Stored data

###

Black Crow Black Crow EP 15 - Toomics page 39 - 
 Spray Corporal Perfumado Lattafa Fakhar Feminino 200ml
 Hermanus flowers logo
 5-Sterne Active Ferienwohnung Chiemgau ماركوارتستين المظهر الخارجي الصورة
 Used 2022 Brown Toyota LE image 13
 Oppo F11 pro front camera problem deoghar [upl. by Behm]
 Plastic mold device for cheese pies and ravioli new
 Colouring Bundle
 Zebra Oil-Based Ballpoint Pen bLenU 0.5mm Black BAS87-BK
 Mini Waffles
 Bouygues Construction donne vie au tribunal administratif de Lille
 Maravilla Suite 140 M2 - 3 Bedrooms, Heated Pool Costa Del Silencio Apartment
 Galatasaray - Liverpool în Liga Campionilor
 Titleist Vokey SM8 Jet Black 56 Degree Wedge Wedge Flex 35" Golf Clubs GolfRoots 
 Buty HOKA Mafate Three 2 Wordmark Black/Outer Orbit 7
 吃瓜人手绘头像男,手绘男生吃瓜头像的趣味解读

###

## PROBLEM DETAILS
Every entry, from first to last, is to be reproduced exactly.

## RESULT OF THIS TASK
Black Crow Black Crow EP 15 - Toomics page 39 - 
 Spray Corporal Perfumado Lattafa Fakhar Feminino 200ml
 Hermanus flowers logo
 5-Sterne Active Ferienwohnung Chiemgau ماركوارتستين المظهر الخارجي الصورة
 Used 2022 Brown Toyota LE image 13
 Oppo F11 pro front camera problem deoghar [upl. by Behm]
 Plastic mold device for cheese pies and ravioli new
 Colouring Bundle
 Zebra Oil-Based Ballpoint Pen bLenU 0.5mm Black BAS87-BK
 Mini Waffles
 Bouygues Construction donne vie au tribunal administratif de Lille
 Maravilla Suite 140 M2 - 3 Bedrooms, Heated Pool Costa Del Silencio Apartment
 Galatasaray - Liverpool în Liga Campionilor
 Titleist Vokey SM8 Jet Black 56 Degree Wedge Wedge Flex 35" Golf Clubs GolfRoots 
 Buty HOKA Mafate Three 2 Wordmark Black/Outer Orbit 7
 吃瓜人手绘头像男,手绘男生吃瓜头像的趣味解读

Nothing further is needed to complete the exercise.